- [DIRECTIONS FOR THIS TASK]:
In the material below, find the span from the line with "Saido Ntibazonkiza" to the line with "Mishimoto blue auto part" and transcribe only those lines, exactly, ends included, without the pictures.

- [PROVIDED MATERIAL]:
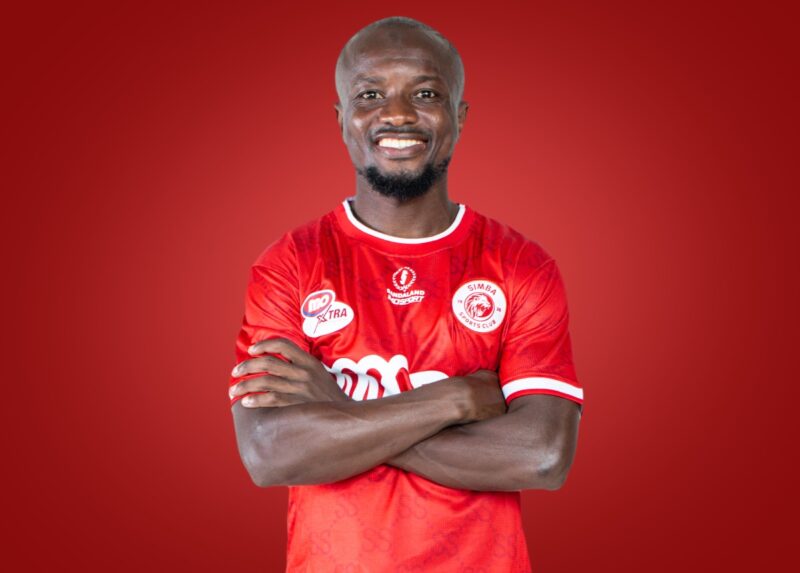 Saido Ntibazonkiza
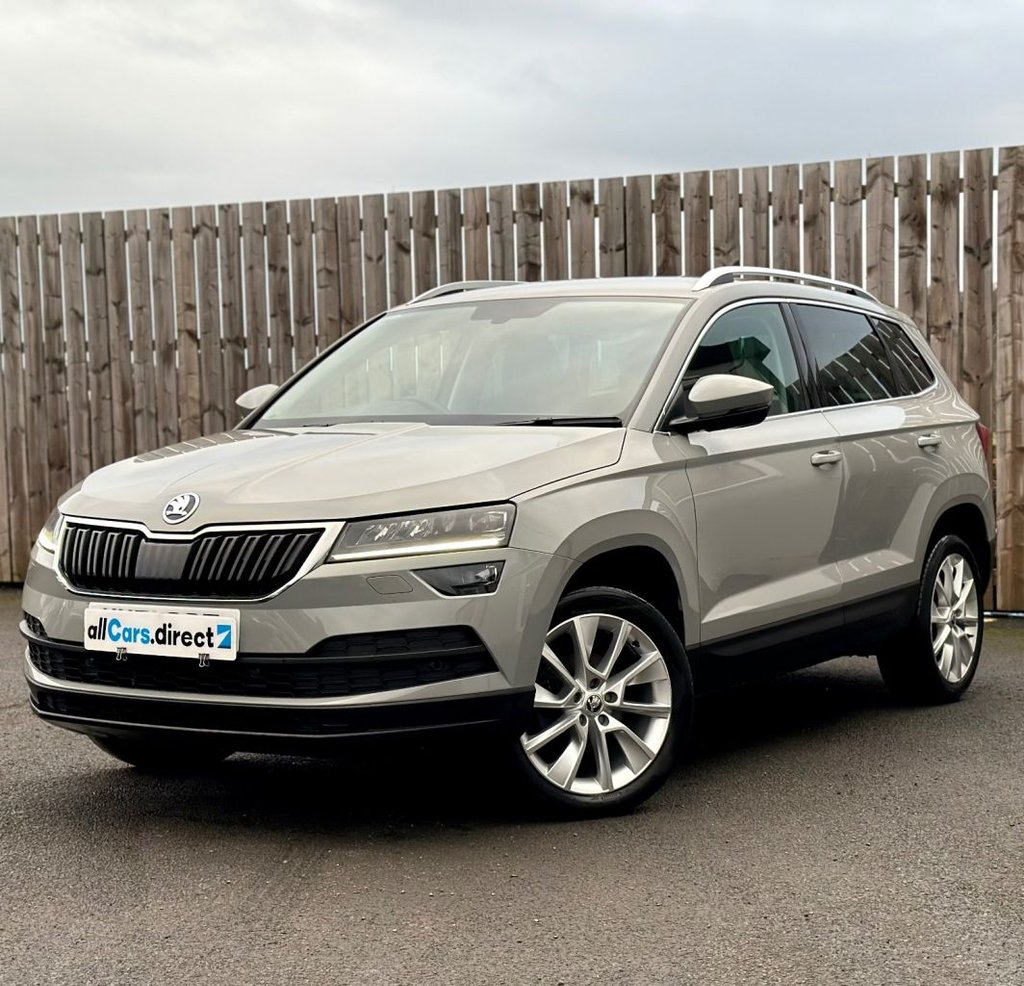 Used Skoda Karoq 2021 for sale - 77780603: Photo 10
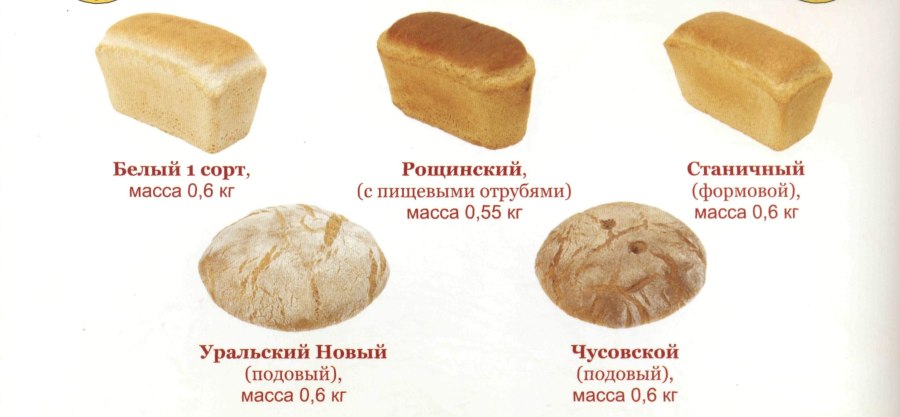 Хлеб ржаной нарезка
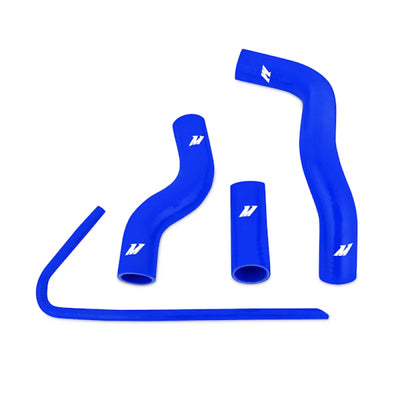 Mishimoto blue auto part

...

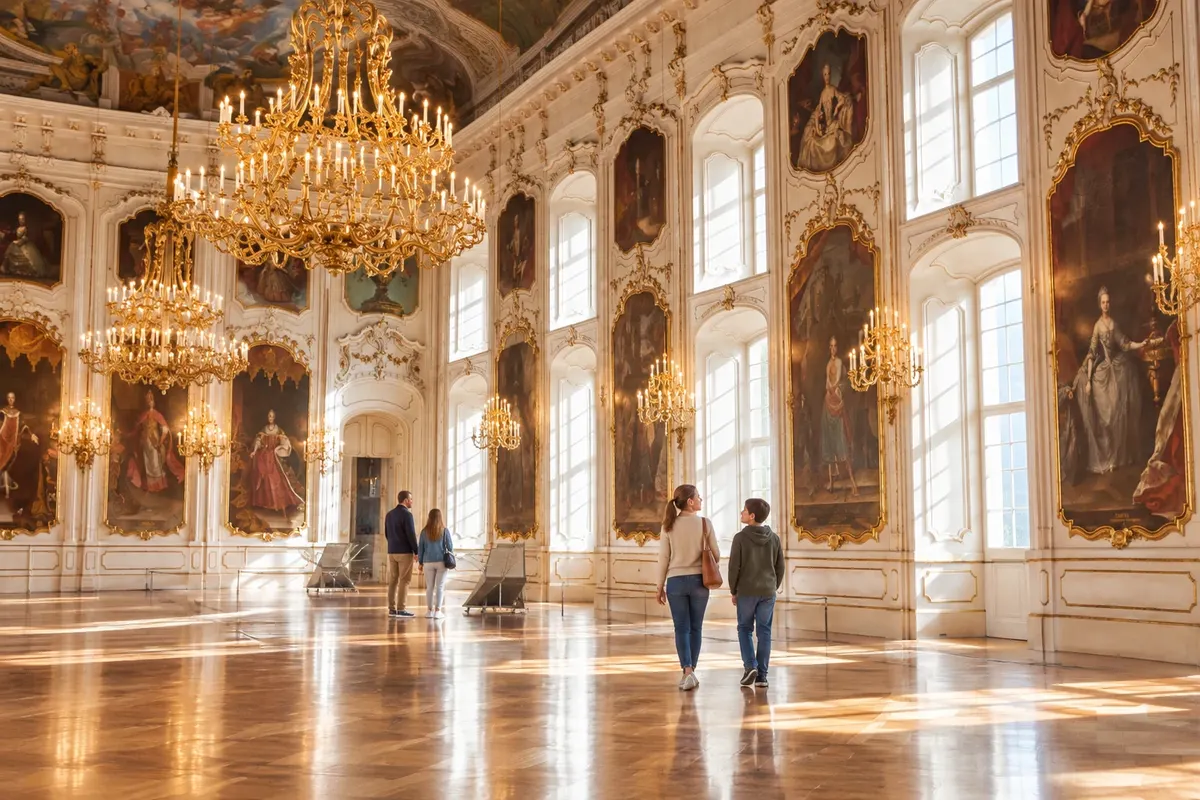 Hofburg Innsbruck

- [WRITTEN RESPONSE]:
 Saido Ntibazonkiza
 Used Skoda Karoq 2021 for sale - 77780603: Photo 10
 Хлеб ржаной нарезка
 Mishimoto blue auto part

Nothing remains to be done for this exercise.